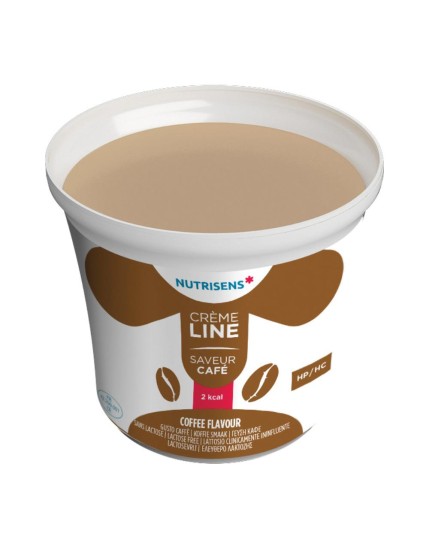 CREMELINE*2KCAL Caffe 4x125g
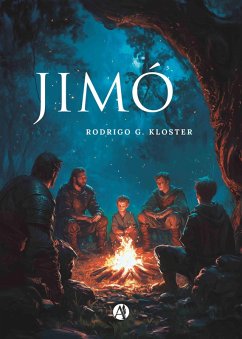Cover Jimó (eBook, ePUB)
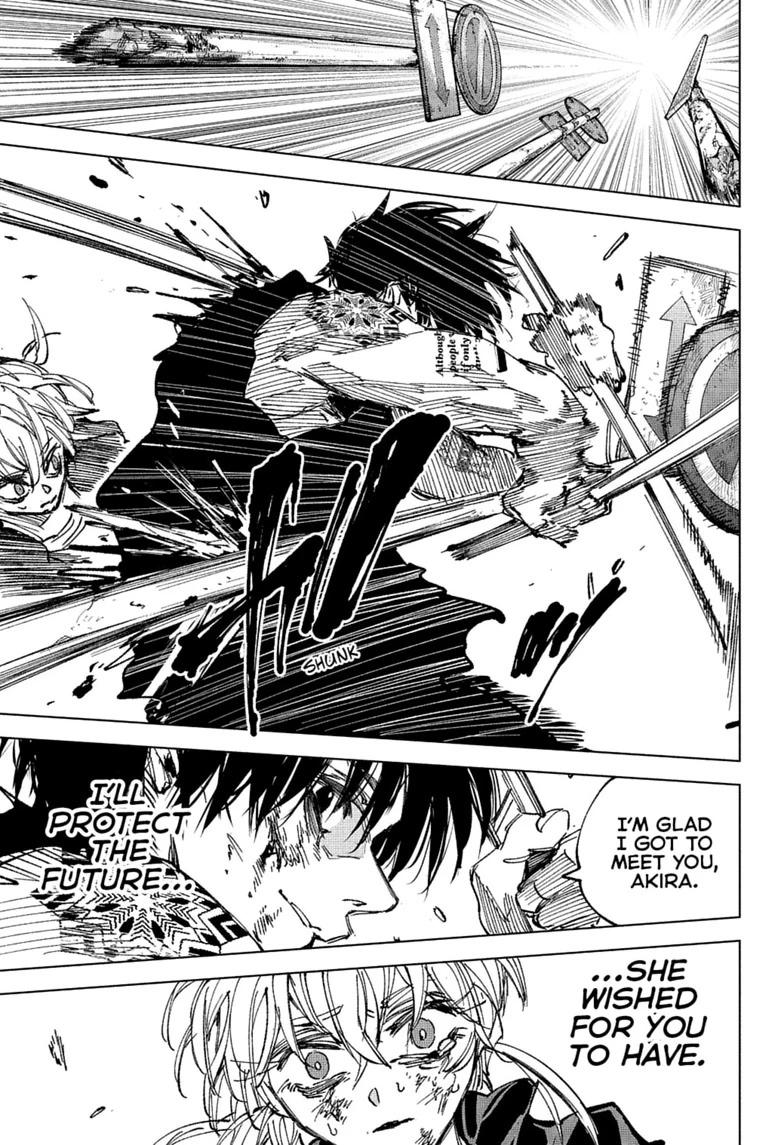 Sakamoto Days, chapter 273, image 11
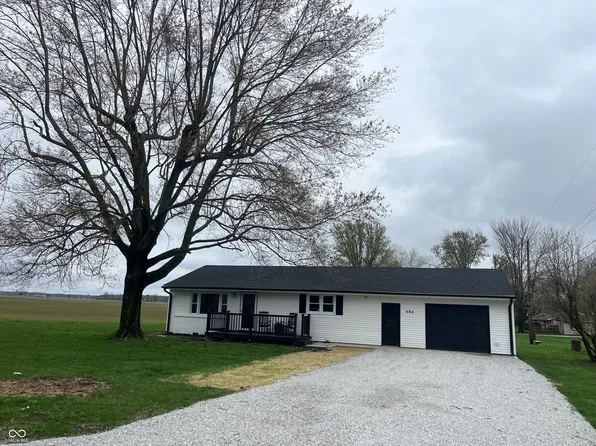604 N Allen Ln, Westport, IN 47283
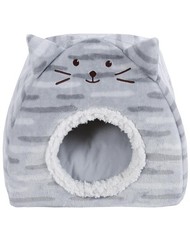 Igloo blanc doux et moelleux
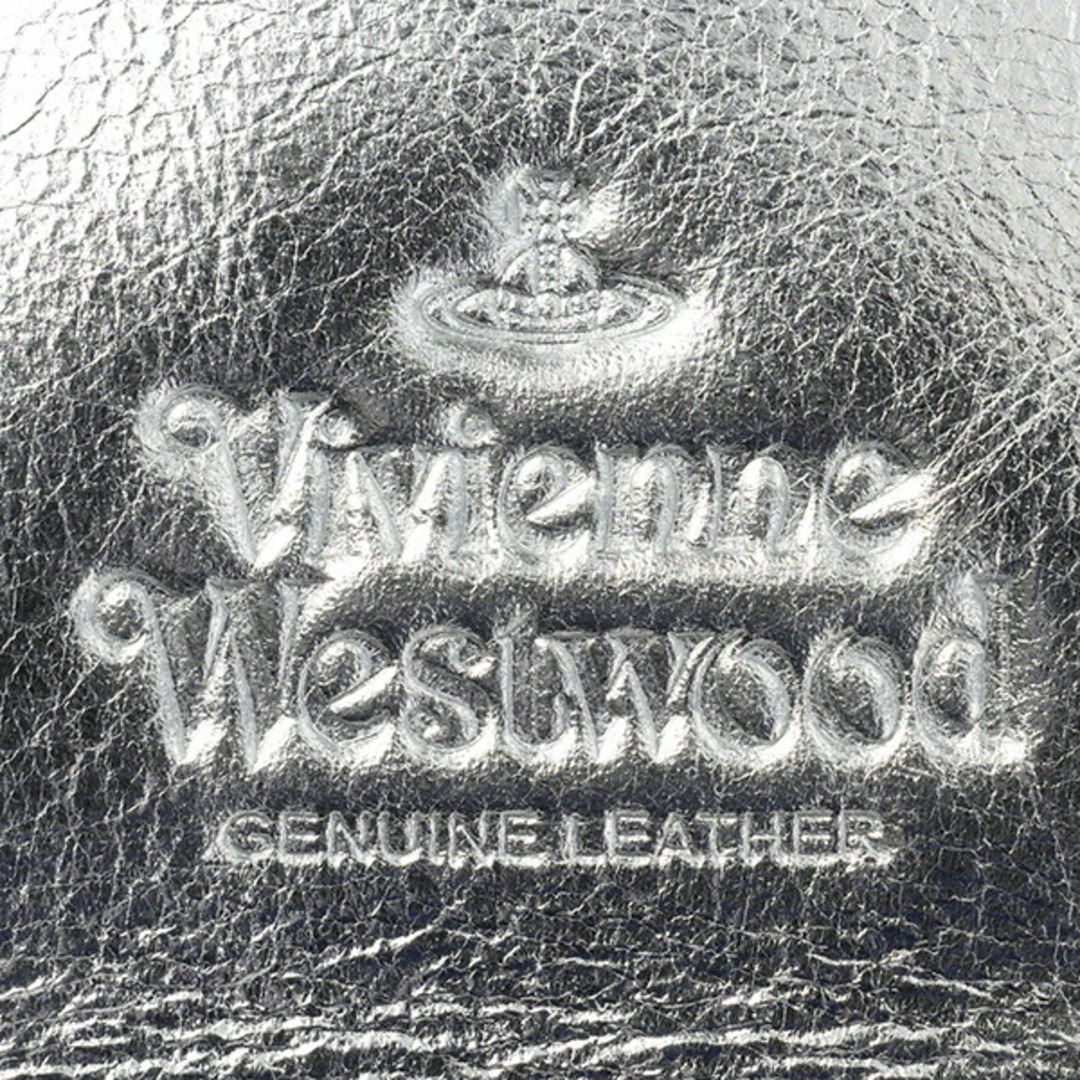 新品 ヴィヴィアン ウエストウッド Vivienne Westwood 3つ折り財布 イエロー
········
Repeat the listing above word for word and leave its images out.

 CREMELINE*2KCAL Caffe 4x125g
Cover Jimó (eBook, ePUB)
 Sakamoto Days, chapter 273, image 11
604 N Allen Ln, Westport, IN 47283
 Igloo blanc doux et moelleux
 新品 ヴィヴィアン ウエストウッド Vivienne Westwood 3つ折り財布 イエロー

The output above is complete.